2009 EXAM 1 - HOW DID YOU FIND IT?

[sachinmachin]

LL easy enough except for the last part of last question, i just said because the h value was too large on the positive side thus causing the increase in result, any1 know if that would get the mark?

yeh i just said because it was an over estimate... im not sure if that was enough... but i guess for one mark it could be ok

yeh i said it was an under-approximate.....lol i dont even knw what i said....haha

[mystikal]

any1 realise no graph drawing? .. also last question = gay

[hard]

it was easy but i made some awful mistakes. i thought 2ln(x)=ln(x^2) always, i never got taught that it is not, argh!

WHATTTTT IT ISSSSSSSSSSSSSSSSSSSSSSSSSSSSSS ISNT IT  i thought 2ln(x)=ln(x)^2???

[tomygun_123]

it was easy but i made some awful mistakes. i thought 2ln(x)=ln(x^2) always, i never got taught that it is not, argh!

WHATTTTT IT ISSSSSSSSSSSSSSSSSSSSSSSSSSSSSS ISNT IT  i thought 2ln(x)=ln(x)^2???

it does equal that, stop stressing.... if you didnt take the 2 inside the log function you wouldnt have been able to solve it... chill bill

[kendraaaaa]

Easer than I expected, hopefully they don't get revenge on us in Exam 2. haha

[hard]

it was easy but i made some awful mistakes. i thought 2ln(x)=ln(x^2) always, i never got taught that it is not, argh!

WHATTTTT IT ISSSSSSSSSSSSSSSSSSSSSSSSSSSSSS ISNT IT  i thought 2ln(x)=ln(x)^2???

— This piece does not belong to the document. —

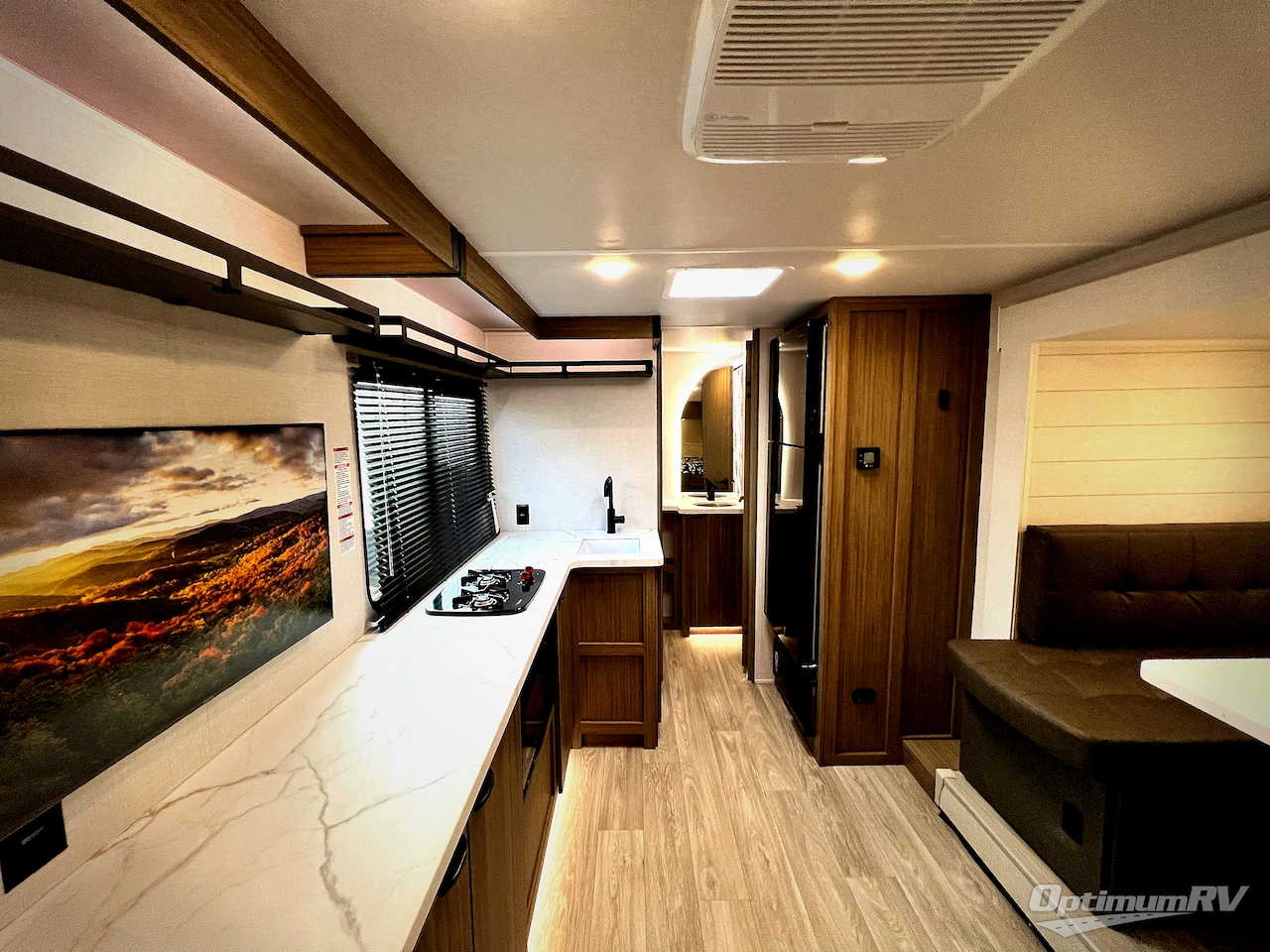 2026 Forest River Wildwood FSX 177ICE Photo 5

it does equal that, stop stressing.... if you didnt take the 2 inside the log function you wouldnt have been able to solve it... chill bill

OH SWEEET

[GoodGuys]

It was aiiight, however i just realised i did fucked up mistakes. ow well, its over now. Nothing i can do about it

[almostatrap]

it was easy but i made some awful mistakes. i thought 2ln(x)=ln(x^2) always, i never got taught that it is not, argh!

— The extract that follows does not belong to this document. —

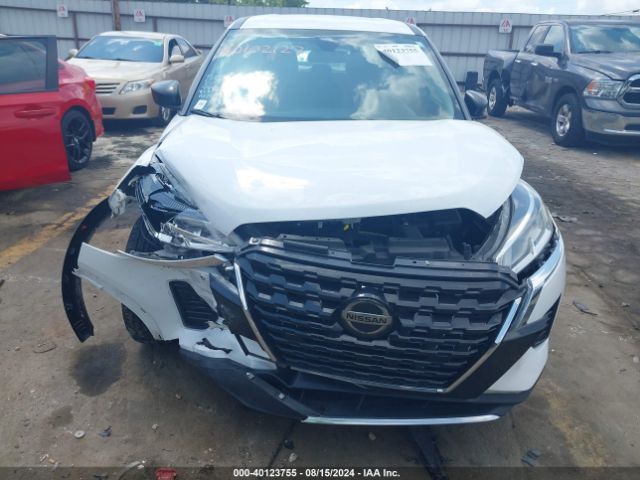 3N1CP5BV0ML482317 Nissan Kicks S Xtronic Cvt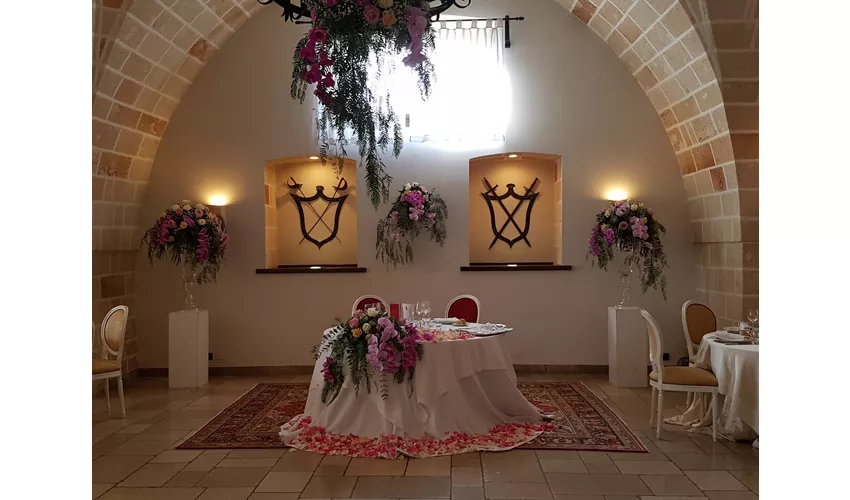 Li Surii Sala Ricevimenti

WHATTTTT IT ISSSSSSSSSSSSSSSSSSSSSSSSSSSSSS ISNT IT  i thought 2ln(x)=ln(x)^2???

it does equal that, stop stressing.... if you didnt take the 2 inside the log function you wouldnt have been able to solve it... chill bill

not ALWAYS. not when x=-1.

[simpak]

IT WAS TOO EASY AND NOW I'M GONNA FAIL.
h8 grade distribution.

[nels]

issues:
question 8: k=e^a(1-a) or k=e^a(a-1)?
question 9: was there two solutions? or is only 3/2 accepted?

[simpak]

Question 8 was just bad for me.

[krzysiek]

For Q9, i got two solutions... but they're probably wrong, because one was a negative - and in my state of mind, I somehow justified the negative to also be an answer. Hey, it made sense to me in the exam.. :p

Something to do with the 2loge(x) = loge(x^2) therefore a negative can be put in there because it will turn to a positive, once squared. Also, the other loge(x)'s were all positive still once putting in the negative, so for me it seemed to put so I also put a neg. I am prepared to lose a mark though on that one.

[Craxe]

QUESTION 8
YOU CAN'T MAKE THE GRADIENT EQUAL THE ORIGINAL FUNCTION !!
THE ANSWER IS e^a (a^2 - 1)

BECAUSE



Question 8
it should be
e^a (a^2-1)

because if you went
ae^2 = e^a + k
you are saying that the gradient equals f(x)

you have to find the equation of the gradient which is
y = (ae^a)x

and make that equal
y=  e^a + k

when x = a

HENCE
(ae^a) * a =  e^a + k

gives k = e^a (a^2-1)

All well and good... but what we did is make the tangent equation equal to the original function. Which is a correct method

[sachinmachin]

issues:
question 9: was there two solutions? or is only 3/2 accepted?

i personally think that x=3/2 and -1

if you sub -1 into 2loge(x), that will = loge1^2 which = 0
if you sub -1 into loge(x+2(or 3??)) that will = loge(-1+2 or 3) which is defined..

i cant see why not...thats what i put

[TonyZ]

if you type y=2loge(x) and y=loge(x^2) into your graphic calculator.. you will see that they are only the same in the first and fourth quadrants...

therefore you can change 2loge(x) to loge(x^2) only when x>0